This is how skin peels fix hyper pigmentation

The long-term treatments for dark spots, freckles and Melasma may differ, but chemical skin peels are ideal for removing existing hyper pigmentation.


Hyper pigmentation is extremely common in our sunny South Africa. And it only gets worse in summer. That’s why chemical skin peels are such a popular choice for achieving and maintaining your ideal tone of skin.

Now, we already know that most conventional sun-protection measures are less than ideal. Even sunscreen offering SPF 50 is only effective about 53% of the time. And, apart from the far longer lasting effects of premature ageing, the sun also causes visible patches of dark, hyperpigmented skin.


What is hyper pigmentation?

All skins contain pigment (colour); some just have a little more than others. But all of us want to have the same, even tone amount of colour in our face. Nobody likes dark spots, splotches or patches of skin, which is why science has long searched for the answers to what is one of the most difficult skin conditions to treat: hyper pigmentation.

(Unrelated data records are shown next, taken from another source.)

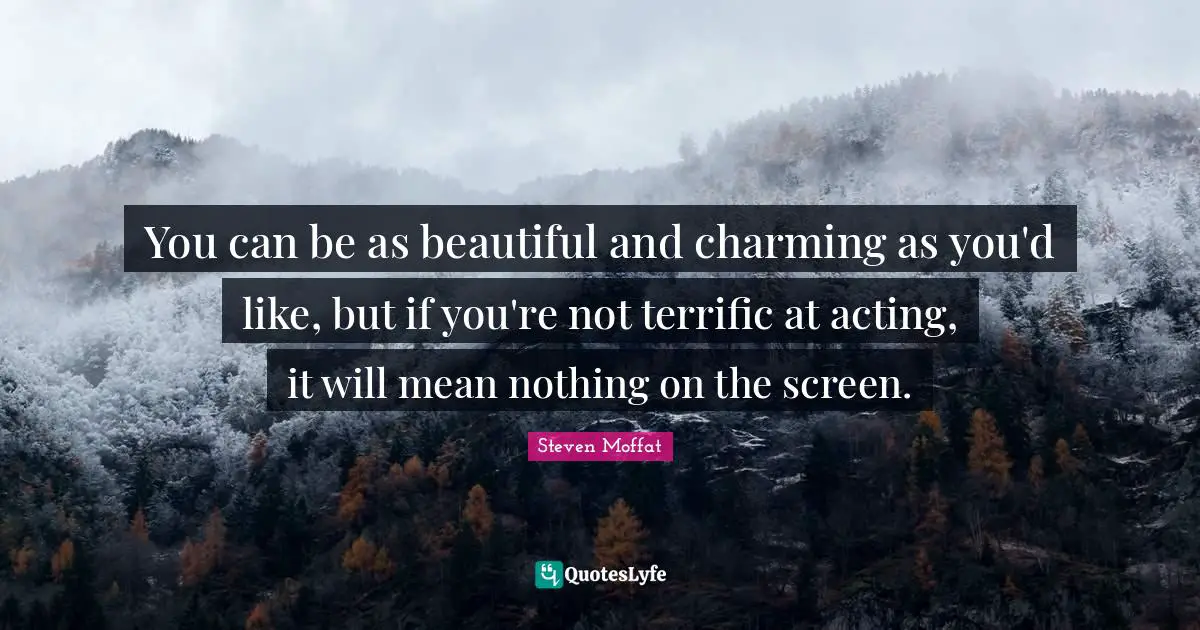 You can be as beautiful and charming as you'd like, but if you're not terrific at acting, it will mean nothing on the screen.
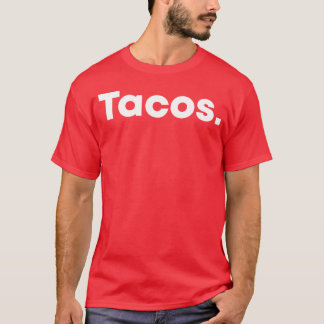 Tacos Mexikanische Food Lovers minimalistische wei T-Shirt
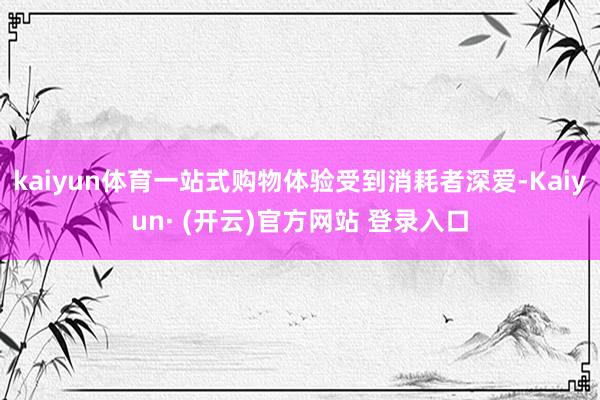 kaiyun体育一站式购物体验受到消耗者深爱-Kaiyun· (开云)官方网站 登录入口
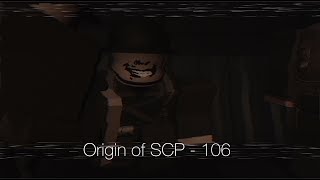 "A Distorted Memory" | SCP - 106s origin (Roblox SCP: Roleplay)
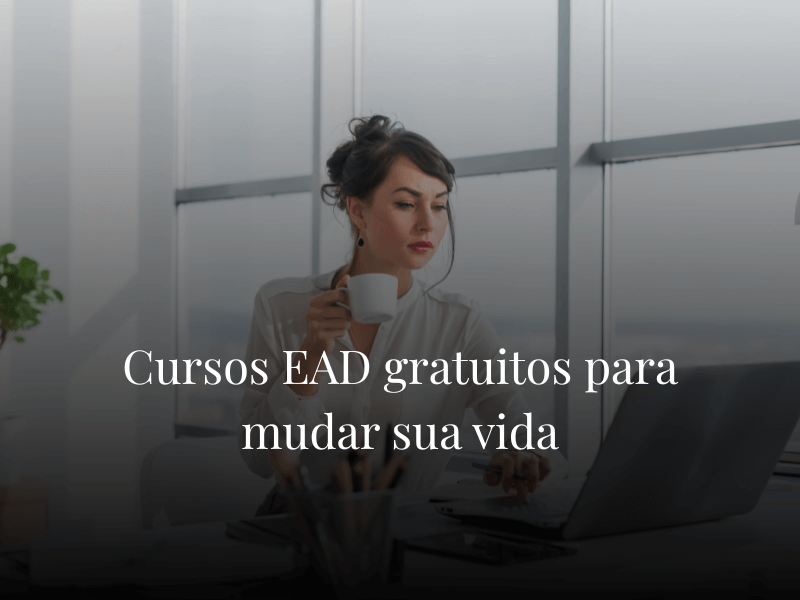 Cursos EAD gratuitos para mudar sua vida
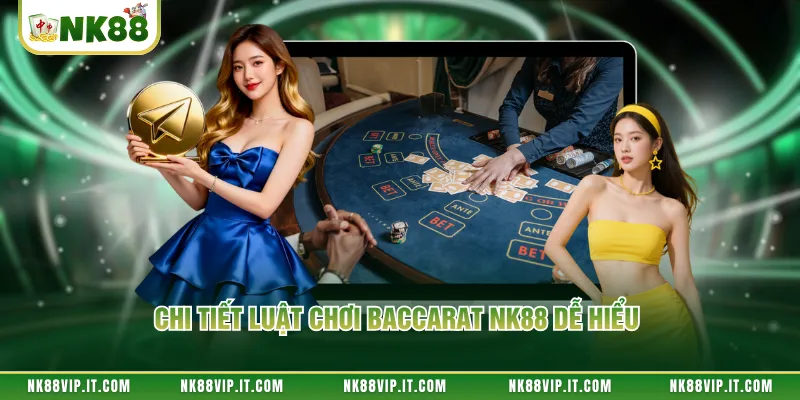 Chi tiết luật chơi baccarat NK88 dễ hiểu
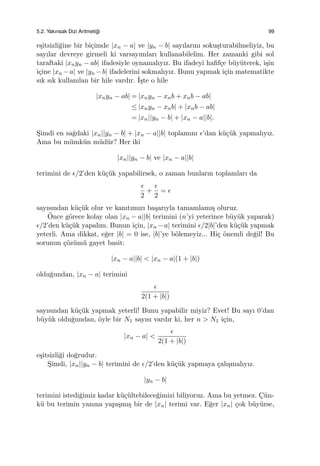 5.2. Yakınsak Dizi Aritmeti˘gi 99
e¸sitsizli˘gine bir bi¸cimde |xn − a| ve |yn − b| sayılarını soku¸sturabilmeliyiz, bu
sayılar devreye girmeli ki varsayımları kullanabilelim. Her zamanki gibi sol
taraftaki |xnyn − ab| ifadesiyle oynamalıyız. Bu ifadeyi haﬁf¸ce b¨uy¨uterek, i¸sin
i¸cine |xn −a| ve |yn −b| ifadelerini sokmalıyız. Bunu yapmak i¸cin matematikte
sık sık kullanılan bir hile vardır. ˙I¸ste o hile
|xnyn − ab| = |xnyn − xnb + xnb − ab|
≤ |xnyn − xnb| + |xnb − ab|
= |xn||yn − b| + |xn − a||b|.
S¸imdi en sa˘gdaki |xn||yn − b| + |xn − a||b| toplamını ϵ’dan k¨u¸c¨uk yapmalıyız.
Ama bu m¨umk¨un m¨ud¨ur? Her iki
|xn||yn − b| ve |xn − a||b|
terimini de ϵ/2’den k¨u¸c¨uk yapabilirsek, o zaman bunların toplamları da
ϵ
2
+
ϵ
2
= ϵ
sayısından k¨u¸c¨uk olur ve kanıtımızı ba¸sarıyla tamamlamı¸s oluruz.
¨Once g¨orece kolay olan |xn − a||b| terimini (n’yi yeterince b¨uy¨uk yaparak)
ϵ/2’den k¨u¸c¨uk yapalım. Bunun i¸cin, |xn −a| terimini ϵ/2|b|’den k¨u¸c¨uk yapmak
yeterli. Ama dikkat, e˘ger |b| = 0 ise, |b|’ye b¨olemeyiz... Hi¸c ¨onemli de˘gil! Bu
sorunun ¸c¨oz¨um¨u gayet basit:
|xn − a||b| < |xn − a|(1 + |b|)
oldu˘gundan, |xn − a| terimini
ϵ
2(1 + |b|)
sayısından k¨u¸c¨uk yapmak yeterli! Bunu yapabilir miyiz? Evet! Bu sayı 0’dan
b¨uy¨uk oldu˘gundan, ¨oyle bir N1 sayısı vardır ki, her n > N1 i¸cin,
|xn − a| <
ϵ
2(1 + |b|)
e¸sitsizli˘gi do˘grudur.
S¸imdi, |xn||yn − b| terimini de ϵ/2’den k¨u¸c¨uk yapmaya ¸calı¸smalıyız.
|yn − b|
terimini istedi˘gimiz kadar k¨u¸c¨ultebilece˘gimizi biliyoruz. Ama bu yetmez. C¸ ¨un-
k¨u bu terimin yanına yapı¸smı¸s bir de |xn| terimi var. E˘ger |xn| ¸cok b¨uy¨urse,
 
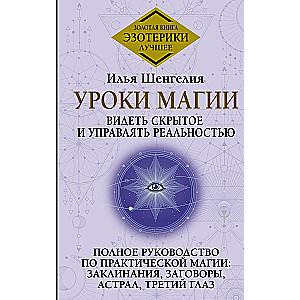 Уроки магии. Видеть скрытое и управлять реальностью. Полное руководство по практической магии: заклинания, заговоры, астрал, третий глаз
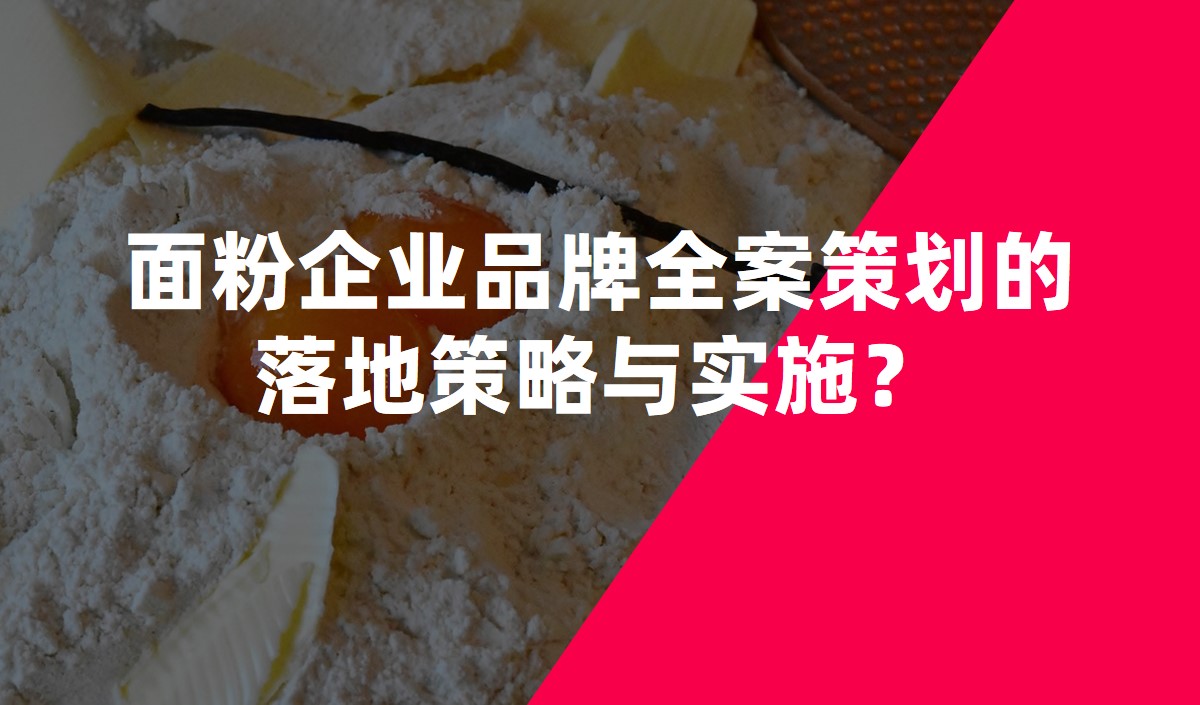 面粉企業(yè)品牌全案策劃的落地策略與實施？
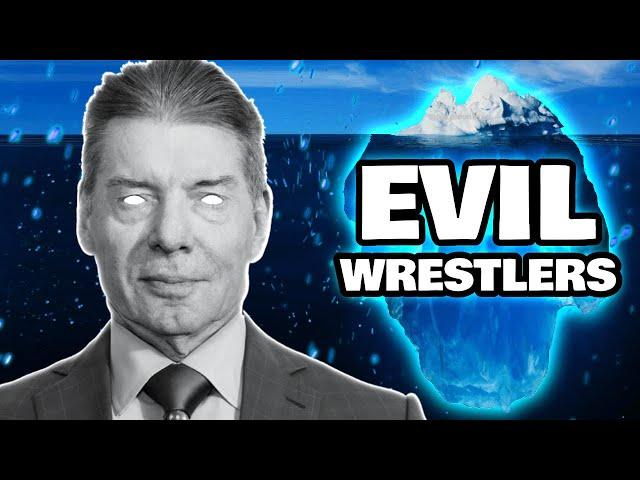 The Definitive Most Evil Wrestlers Iceberg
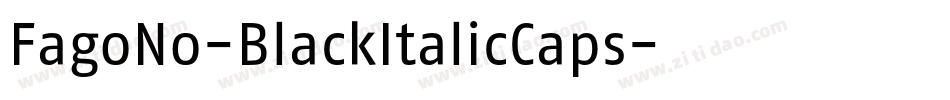 FagoNo-BlackItalicCaps字体转换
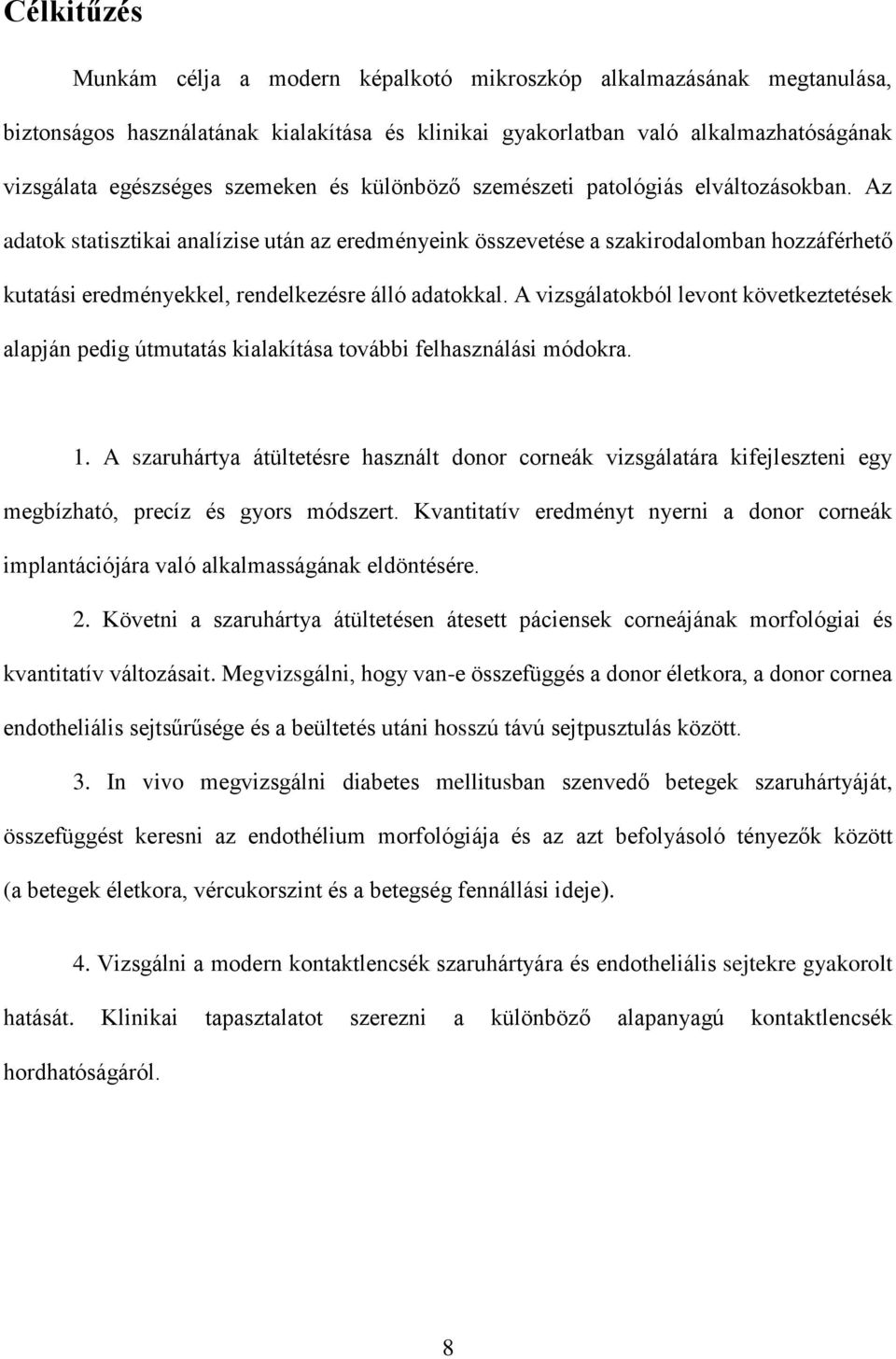 Az adatok statisztikai analízise után az eredményeink összevetése a szakirodalomban hozzáférhető kutatási eredményekkel, rendelkezésre álló adatokkal.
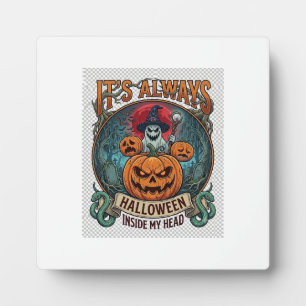 In Ihrem Kopf ist es immer Halloween Kürbis Geiste Fotoplatte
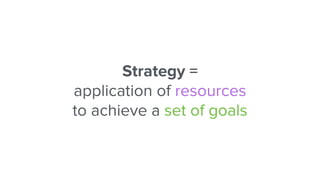 Strategy =
application of resources
to achieve a set of goals
 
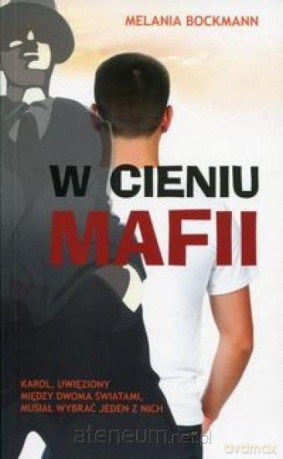 W cieniu mafii - Melania Bockmann [KSIĄŻKA]
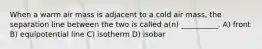 When a warm air mass is adjacent to a cold air mass, the separation line between the two is called a(n) __________. A) front B) equipotential line C) isotherm D) isobar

If pigmentation is normal – basically the amount of the organic granule melanin contained in skin cells – then hyper pigmentation is an abnormal amount (too much) pigment in the skin. For various reasons, the skin or parts of it starts producing too much melanin, and you’re left with an uneven skin tone and dark spots on the face.

The result is hyper pigmentation: areas of skin with spots, splotches, freckles or patches that are darker the skin around it.


We distinguish between 3 main types of hyper pigmentation :

  • Sun-induced hyper pigmentation

Please note that the sun not only causes this condition by itself, but it will also exacerbate any other or existing hyper pigmentation. Basically, rule one when starting treatment on any kind of hyper pigmentation is: avoid the sun and wear lots and lots of sunscreen – all the time.

This is because the pigment in our skins, melanin, is actually a kind of natural built-in sunscreen. Melanin exists in skin to absorb UV rays, before they can do more serious damage like sunburn or irreparable DNA damage in skin. And the body’s natural response to sun exposure is to create more melanin to try and better protect itself.

But by doing so, the body often creates uneven amounts of melanin, and you’re left with dark spots on the face. Most types of hyper pigmentation you can think of, freckles, sun spots and age spots, are all caused by the sun.

See our article on sun protection for summer here.


  • Hormonal causes such as melasma (common during and after pregnancy)

This one is caused by hormone fluctuations, and almost 70% of pregnant women will experience it to some extent. But, while pregnancy is a big trigger for it, even birth control and the slightest change in oestrogen levels can cause melasma. Thyroid dysfunction is also a possible cause.

What happens is that melanocytes (the cells that produce melanin in the skin) are very sensitive to hormone levels in the body. If there’s a hormone imbalance, melanocytes tend to overproduce melanin. And the dark spots appear.

As mentioned before, the sun makes it worse. Your melasma could disappear with time, but overindulge just a little in the sun and it could come right back.


  • Post-inflammatory hyper pigmentation (to do with scarring and acne)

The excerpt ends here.